+++ Listed entries +++
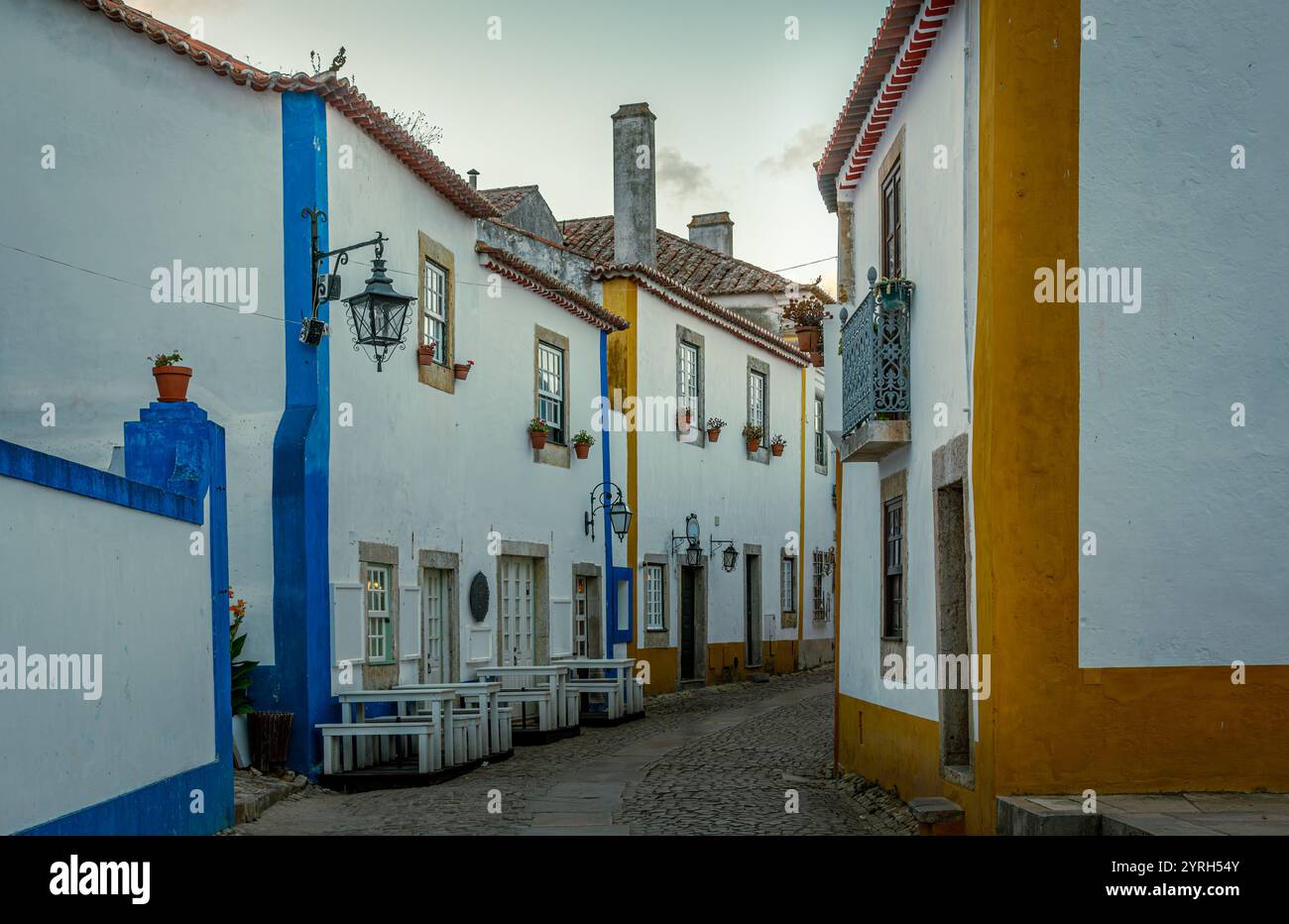 Strada acciottolata che si snoda attraverso la storica città di Obidos in portogallo, caratterizzata da affascinanti case bianche adornate con accenti blu e gialli e Foto Stock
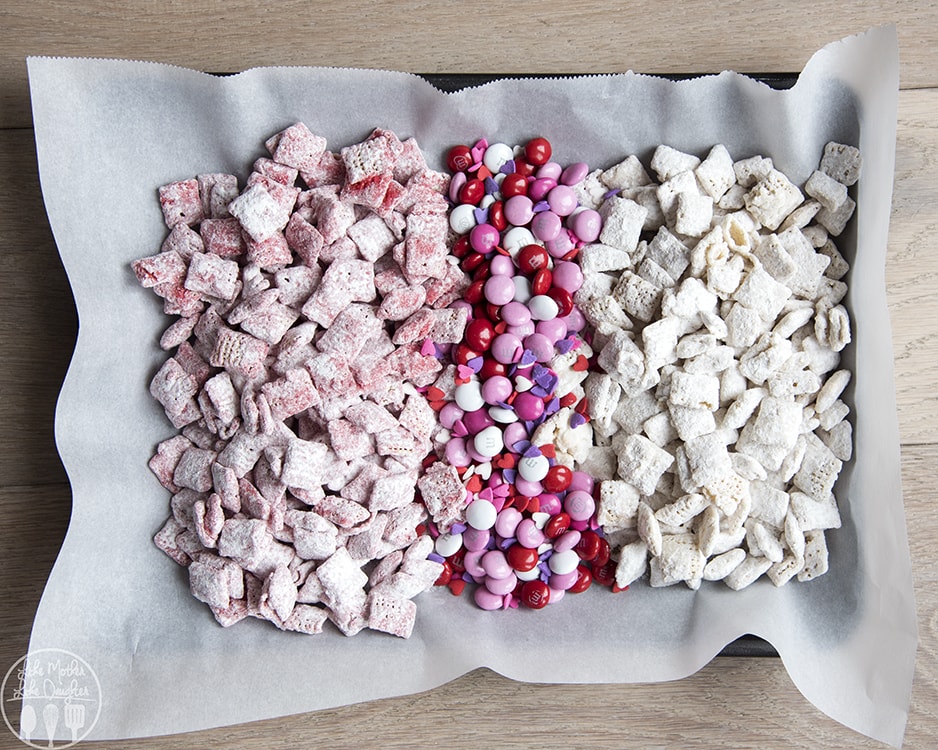 A tray of pink puppy chow, valentine m&ms, and white puppy chow. 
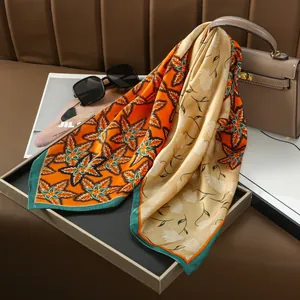 Silk-feel satin floral scarf with orange and green patterns draped on a handbag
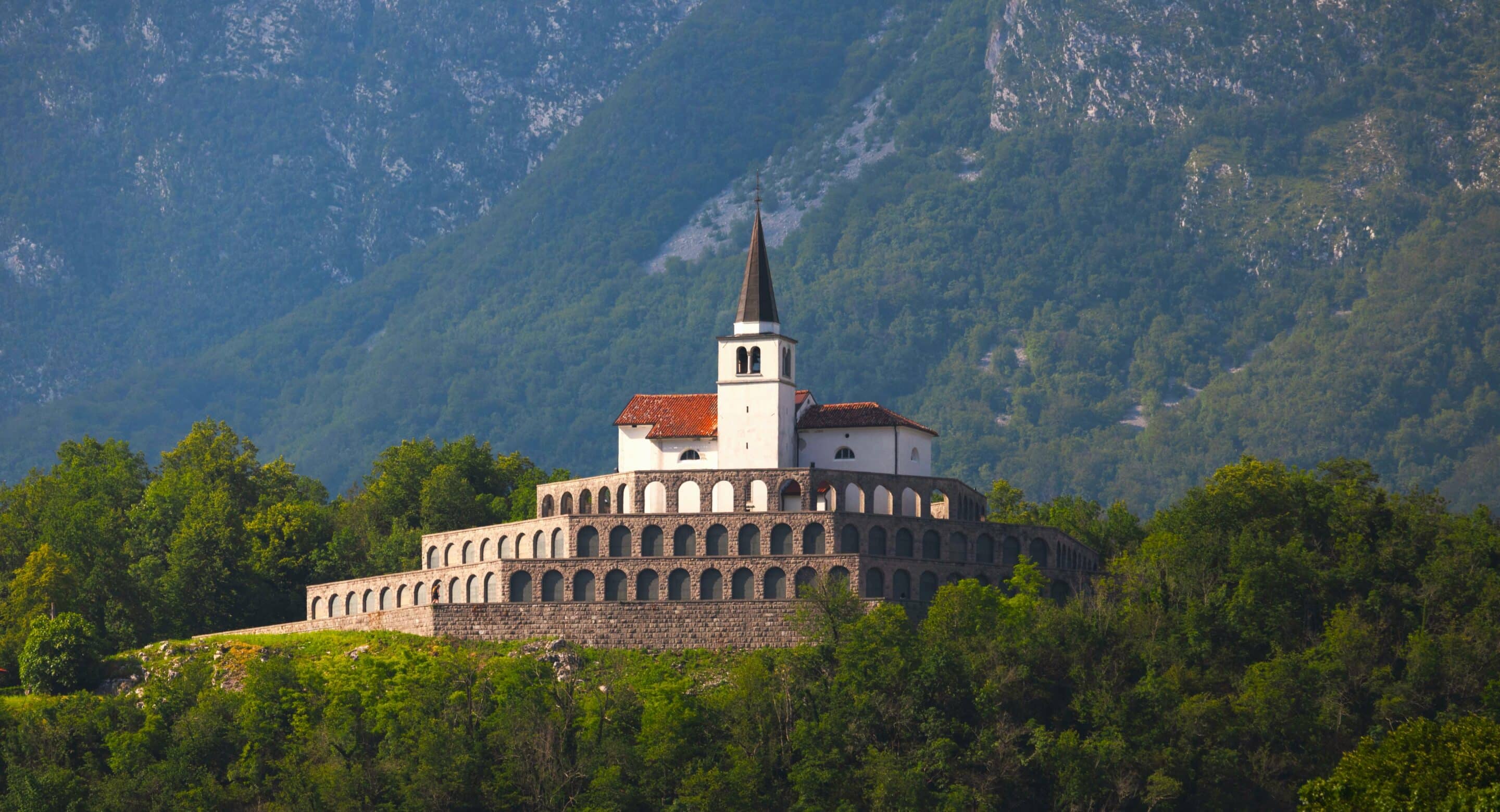 Church above terraced stone arches surrounded by forested Slovenian hills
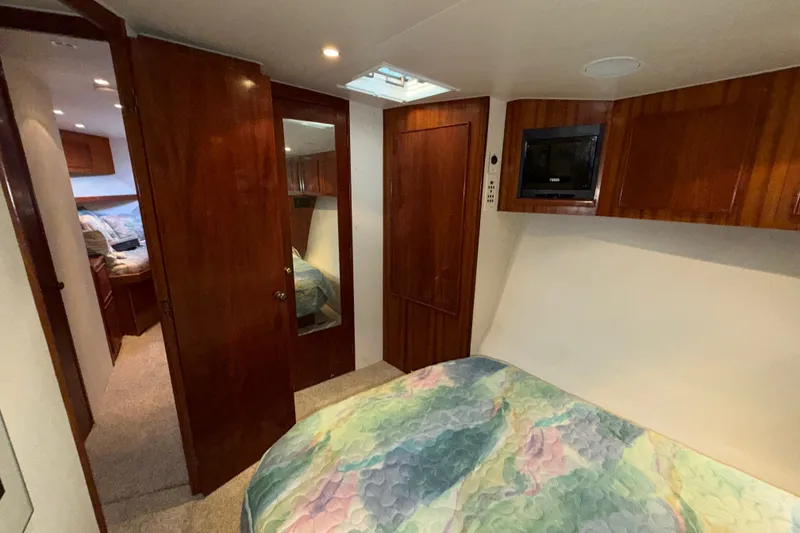 Slide: The Image of Interior of 1996 Post 46 Convertible yacht with wood paneling and cozy bedroom. - 22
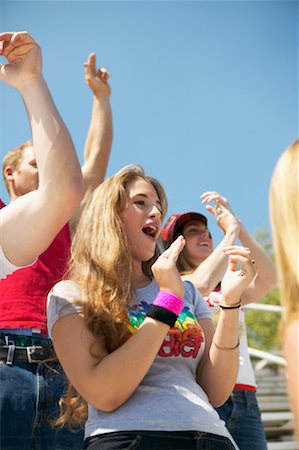 sport applauding - Teenage Spectators Sitting in Stands Stock Photo - Rights-Managed, Code: 700-00356765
+++
▸ **What the task requires**
Except for pictures, copy the records above exactly.

▸ **Answer to this exercise**
 Strada acciottolata che si snoda attraverso la storica città di Obidos in portogallo, caratterizzata da affascinanti case bianche adornate con accenti blu e gialli e Foto Stock
 A tray of pink puppy chow, valentine m&ms, and white puppy chow. 
 Silk-feel satin floral scarf with orange and green patterns draped on a handbag
 Church above terraced stone arches surrounded by forested Slovenian hills
 Slide: The Image of Interior of 1996 Post 46 Convertible yacht with wood paneling and cozy bedroom. - 22
 sport applauding - Teenage Spectators Sitting in Stands Stock Photo - Rights-Managed, Code: 700-00356765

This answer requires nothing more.